Iceland will announce on Monday a €1.5bn ($2.1bn, £1.3bn) recapitalisation of its banking sector and unveil a deal to hand control of two of the country’s healthy new banks to foreign creditors.
The steps mark an important milestone in efforts to rebuild Iceland’s shattered banks and reintegrate the north Atlantic island nation into the international financial system.
The government will issue bonds worth IKr270bn ($2.1bn) next month to three new banks set up last year after the country’s three main banks fell victim to the global credit crunch.
Creditors to the failed banks, will be offered equity stakes in two of the new banks as compensation for healthy assets that were salvaged from the ruins last October.
A provisional agreement was reached on Friday after weeks of difficult negotiations, clearing the way for the long-awaited recapitalisation, according to people involved in negotiations.
The deal is the latest in a series of steps aimed at restoring trust in Iceland’s financial system and stabilising its broader economy.
Last week, the Icelandic parliament voted to start negotiations to join the European Union .
In another breakthrough, the government last month agreed a deal to reimburse billions of pounds and euros lost by British and Dutch savers in Icelandic bank accounts.
Restructuring its banks, repaying creditors and stabilising its currency were all conditions of the $10bn rescue package granted to Iceland by the International Monetary Fund and European countries last year.
The capital injection to be announced by the government on Monday would increase the core tier one capital ratios of the new banks to about 12 per cent – in line with international standards.

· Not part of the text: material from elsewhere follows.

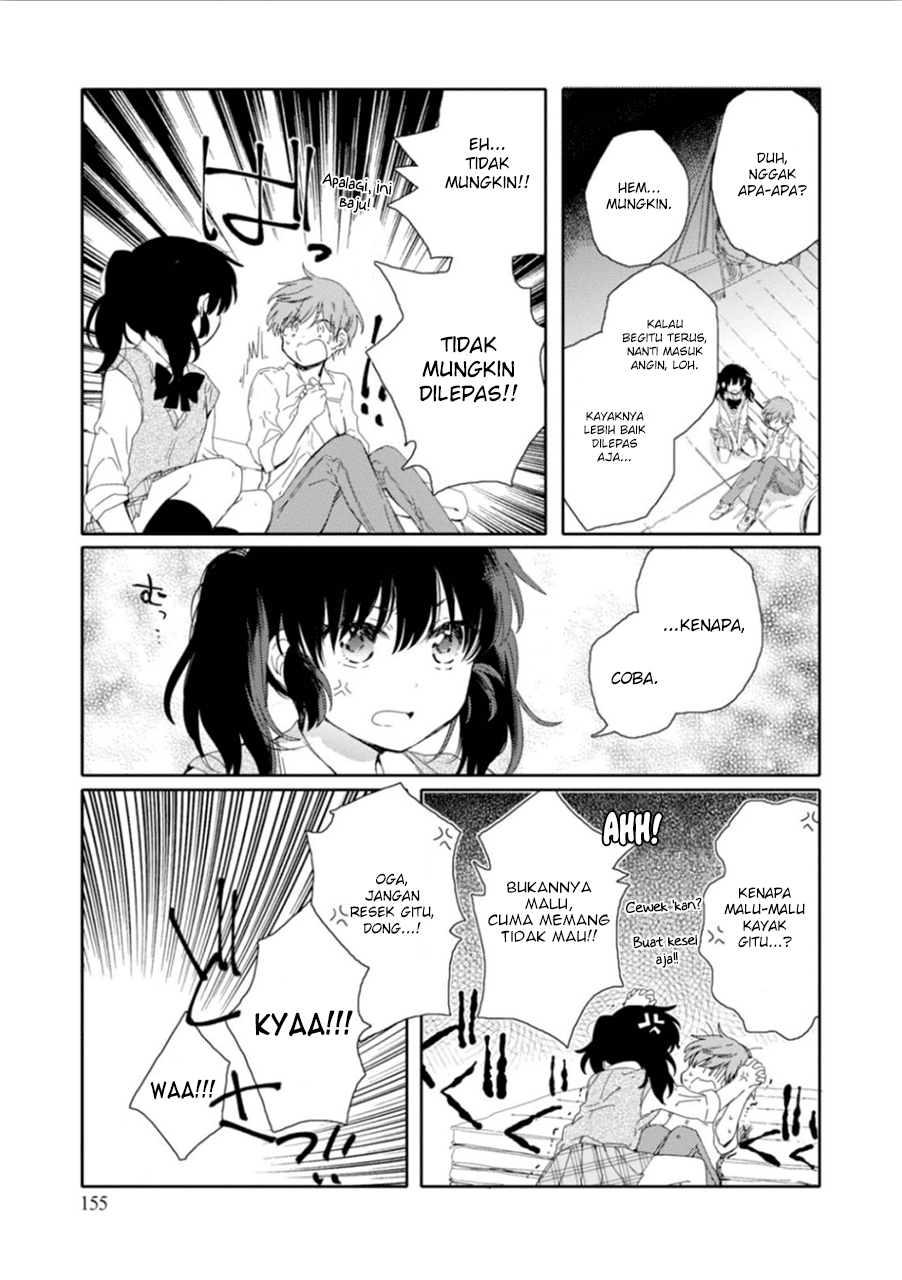Sayuri-san no Imouto wa Tenshi Chapter 11 - halaman 23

Under the provisional deal, creditors to the failed banks will be offered controlling stakes in New Kaupthing Bank and Islandsbanki, which inherited the healthy assets of the failed Kaupthing and Glitnir banks, respectively.
The agreement was struck with the “resolution committees” set up by the government to unravel the failed banks but creditors were closely involved and are expected to give approval.

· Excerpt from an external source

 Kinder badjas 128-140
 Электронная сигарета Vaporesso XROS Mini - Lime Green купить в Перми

The deal would compensate creditors only for the assets transferred to the new banks, which represent just a fraction of the $60bn owed to foreign lenders. But it clears a crucial hurdle towards building a new bank system and starting the process of cleaning up bad assets in the failed banks.
“It was important that we reached an agreement with creditors rather than it ending up in litigation,” said an Icelandic official.
A formal deal has not yet been struck concerning assets taken from Landsbanki, the third failed bank, because its foreign entanglements – including heavy liabilities to the UK and Dutch governments – are the most complex. People familiar with negotiations said an outline deal was in place and would be finalised by the end of July.
Negotiations were led by Hawkpoint, a British financial advisory firm, appointed by the Icelandic government to oversee the process.